Hors cible: L’avancée incertaine du Canada cers un avenir meilleur
Tableau de bord 2025
Regarder: L’avancée incertaine du Canada vers un avenir meilleur
Depuis quatre ans, la Coalition pour un avenir meilleur fait le suivi des progrès économiques du Canada grâce à son Rapport sur le Tableau de bord, qui présente un aperçu complet des données les plus importantes pour la prospérité future du Canada.
Notre édition 2025 du Rapport sur le Tableau de bord, intitulée « Hors cible : l'avancée incertaine du Canada vers un avenir meilleur », livre un message qui donne à réfléchir : notre économie ne croît pas assez rapidement pour soutenir la hausse des revenus, garantir notre filet de sécurité sociale ou être compétitive à l'échelle mondiale. Elle indique que nous risquons d'accuser encore plus de retard que ce n'est le cas aujourd'hui, ce qui nous rendrait vulnérables.
Sommaire
L’économie canadienne a franchi des étapes troublantes l’année dernière. Le pays a enregistré sa deuxième année consécutive de baisse du revenu national par habitant, ce qui s’est rarement produit depuis la Seconde Guerre mondiale.
Au cours de la dernière décennie, les revenus par habitant ont augmenté d’un peu plus d’un pour cent, ce qui constitue une de ses plus faibles performances depuis la Grande Dépression. Ces chiffres soulignent la fragilité de notre croissance économique et ses conséquences sur notre niveau de vie.

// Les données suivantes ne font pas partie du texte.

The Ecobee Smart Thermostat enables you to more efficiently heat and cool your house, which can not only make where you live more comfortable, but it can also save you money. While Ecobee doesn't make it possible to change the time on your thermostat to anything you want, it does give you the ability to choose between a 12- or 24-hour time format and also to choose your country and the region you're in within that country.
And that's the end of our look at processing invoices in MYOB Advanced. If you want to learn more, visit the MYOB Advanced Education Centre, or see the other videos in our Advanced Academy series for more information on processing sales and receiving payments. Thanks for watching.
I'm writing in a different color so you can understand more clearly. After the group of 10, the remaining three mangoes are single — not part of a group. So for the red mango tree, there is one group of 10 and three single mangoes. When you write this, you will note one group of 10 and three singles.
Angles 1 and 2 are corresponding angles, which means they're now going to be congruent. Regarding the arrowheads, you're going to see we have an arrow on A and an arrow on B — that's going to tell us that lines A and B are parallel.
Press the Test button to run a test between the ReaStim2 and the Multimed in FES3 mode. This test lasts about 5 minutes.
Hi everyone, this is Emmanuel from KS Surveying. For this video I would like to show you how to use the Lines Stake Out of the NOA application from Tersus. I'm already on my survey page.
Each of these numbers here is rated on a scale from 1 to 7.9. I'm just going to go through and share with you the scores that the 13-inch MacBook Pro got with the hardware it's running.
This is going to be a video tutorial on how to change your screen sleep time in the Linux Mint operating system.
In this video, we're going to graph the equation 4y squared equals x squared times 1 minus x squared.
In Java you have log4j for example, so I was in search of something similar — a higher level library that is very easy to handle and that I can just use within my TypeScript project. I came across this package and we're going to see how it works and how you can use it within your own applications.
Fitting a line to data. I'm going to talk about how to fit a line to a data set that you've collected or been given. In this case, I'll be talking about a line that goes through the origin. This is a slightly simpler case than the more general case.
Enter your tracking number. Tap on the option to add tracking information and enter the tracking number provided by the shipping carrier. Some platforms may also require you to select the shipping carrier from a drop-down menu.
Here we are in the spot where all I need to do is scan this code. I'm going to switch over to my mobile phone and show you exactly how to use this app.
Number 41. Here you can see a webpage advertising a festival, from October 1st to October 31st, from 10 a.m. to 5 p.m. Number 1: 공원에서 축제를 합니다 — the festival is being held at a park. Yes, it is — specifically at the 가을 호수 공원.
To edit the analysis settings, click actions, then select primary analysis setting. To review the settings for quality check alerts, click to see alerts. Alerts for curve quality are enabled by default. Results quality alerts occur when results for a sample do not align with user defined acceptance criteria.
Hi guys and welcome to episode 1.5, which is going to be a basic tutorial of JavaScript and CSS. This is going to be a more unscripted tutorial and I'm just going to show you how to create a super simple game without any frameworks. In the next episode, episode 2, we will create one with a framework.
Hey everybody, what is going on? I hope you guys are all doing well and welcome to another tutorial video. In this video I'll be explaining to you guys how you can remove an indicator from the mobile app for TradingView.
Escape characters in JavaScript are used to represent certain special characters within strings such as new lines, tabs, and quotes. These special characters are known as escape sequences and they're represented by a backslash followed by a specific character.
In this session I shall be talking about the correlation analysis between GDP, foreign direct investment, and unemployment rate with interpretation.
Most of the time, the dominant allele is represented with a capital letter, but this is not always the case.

La faiblesse de la croissance a de vastes conséquences. Alors que nous sommes confrontés à un protectionnisme croissant de la part de notre principal partenaire commercial, voire à des menaces existentielles, la faiblesse des fondamentaux économiques nous rend vulnérables. Et nous risquons d’entrer dans un cercle vicieux. La faiblesse des conditions sous-jacentes crée un environnement d’investissement difficile pour les entreprises. Or, moins il y a d’investissements, plus l’économie s’affaiblit, ce qui compromet notre capacité à faire face et à réagir aux chocs ou aux menaces extérieurs.
La faiblesse de la croissance compromet également les progrès réalisés dans certains domaines socioéconomiques, tels que la répartition des revenus et les taux de pauvreté, qui stagnent. Par exemple, nous n’avons constaté aucun progrès dans la réduction des écarts de revenus pour les minorités visibles, et les résultats en matière d’emploi pour ces communautés s’aggravent à mesure que le marché du travail ralentit.
Le ralentissement de l’économie compromet également le soutien du public aux efforts de transition climatique. Si les Canadiens sont en difficulté, ils seront moins enclins à soutenir des initiatives environnementales coûteuses. Le déclin du soutien à ces mesures est déjà évident.
Bien que nous ayons réalisé des progrès louables en matière de réduction de l’intensité des émissions, nous craignons de plus en plus que le système complexe actuel de règles, de taxes et de subventions ne soit tenable.
Alors, comment corriger le tir?
Il s’agit de problèmes complexes pour lesquels il n’existe pas de solution facile. Mais les indicateurs révèlent un talon d’Achille évident: la faiblesse des investissement. Une mentalité axée sur l’investissement est une condition nécessaire à une croissance économique durable.
Il n’y a pas d’alternative ni de raccourci.
Prenons l’exemple de l’approche récente de la croissance démographique. L’arrivée de centaines de milliers de travailleurs étrangers non résidents à une telle cadence a peut-être stimulé temporairement les dépenses, mais elle a également exacerbé les pressions sur le marché du logement, ce qui s’est avéré insoutenable. Il en va de même pour le recours au financement par l’emprunt afin de stimuler la croissance à court terme, ou sur l’affaiblissement de la monnaie pour stimuler la compétitivité.
La seule voie infaillible vers une croissance durable consiste à accroître la productivité. Pour résoudre le problème de la productivité, il faut d’abord créer un environnement plus propice à l’investissement. Cela doit être une priorité.